If pictures appear in the lines below, skip them and copy exactly the lines from the one containing "Bajki wyciszajki do" through the one containing "Read more about", and nothing else.
START Entries provided
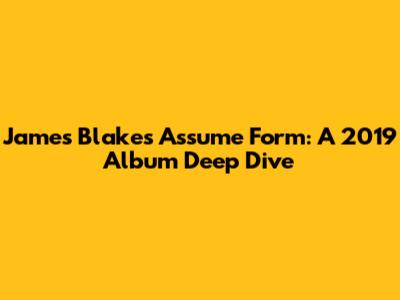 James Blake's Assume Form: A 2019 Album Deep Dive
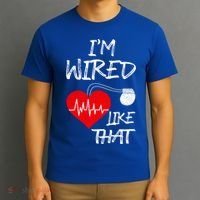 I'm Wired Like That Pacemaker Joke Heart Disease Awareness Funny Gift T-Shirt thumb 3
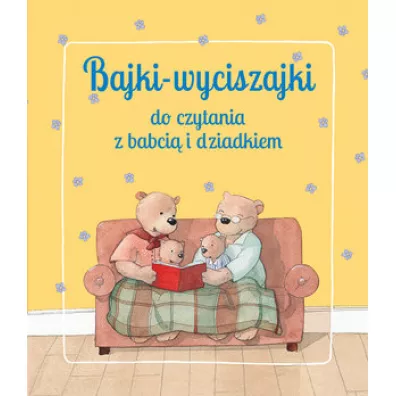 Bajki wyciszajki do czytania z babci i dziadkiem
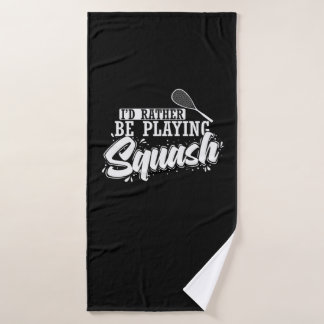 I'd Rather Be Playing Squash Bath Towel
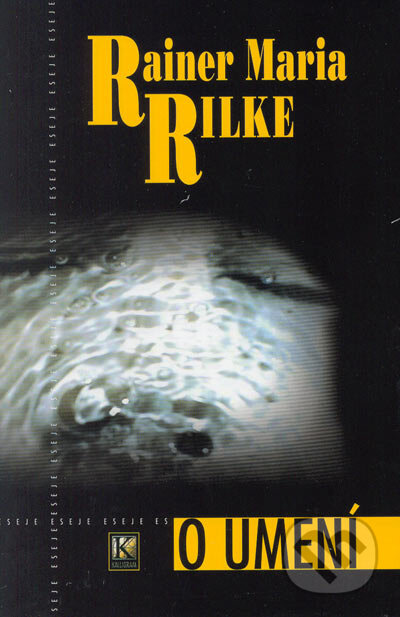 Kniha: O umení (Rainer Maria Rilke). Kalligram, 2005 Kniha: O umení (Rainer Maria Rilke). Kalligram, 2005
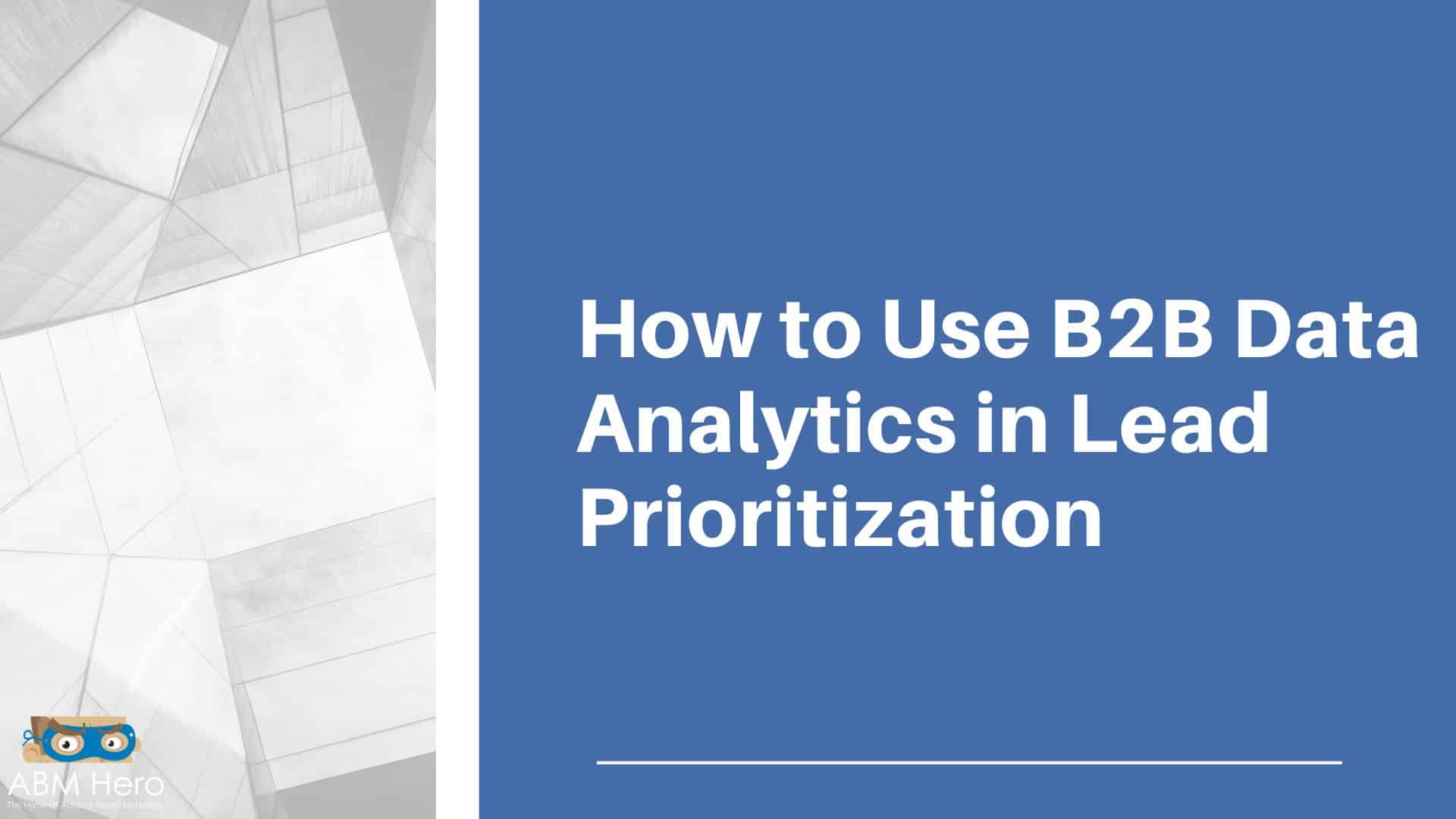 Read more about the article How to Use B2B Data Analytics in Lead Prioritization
END Entries provided
START Entries provided
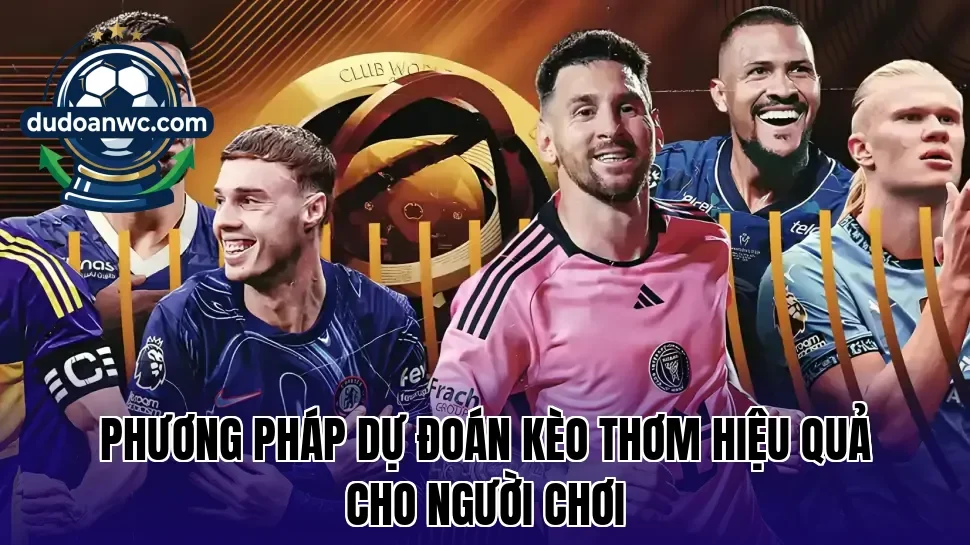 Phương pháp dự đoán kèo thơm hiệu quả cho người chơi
END Entries provided
> [Solution]:
 Bajki wyciszajki do czytania z babci i dziadkiem
 I'd Rather Be Playing Squash Bath Towel
 Kniha: O umení (Rainer Maria Rilke). Kalligram, 2005 Kniha: O umení (Rainer Maria Rilke). Kalligram, 2005
 Read more about the article How to Use B2B Data Analytics in Lead Prioritization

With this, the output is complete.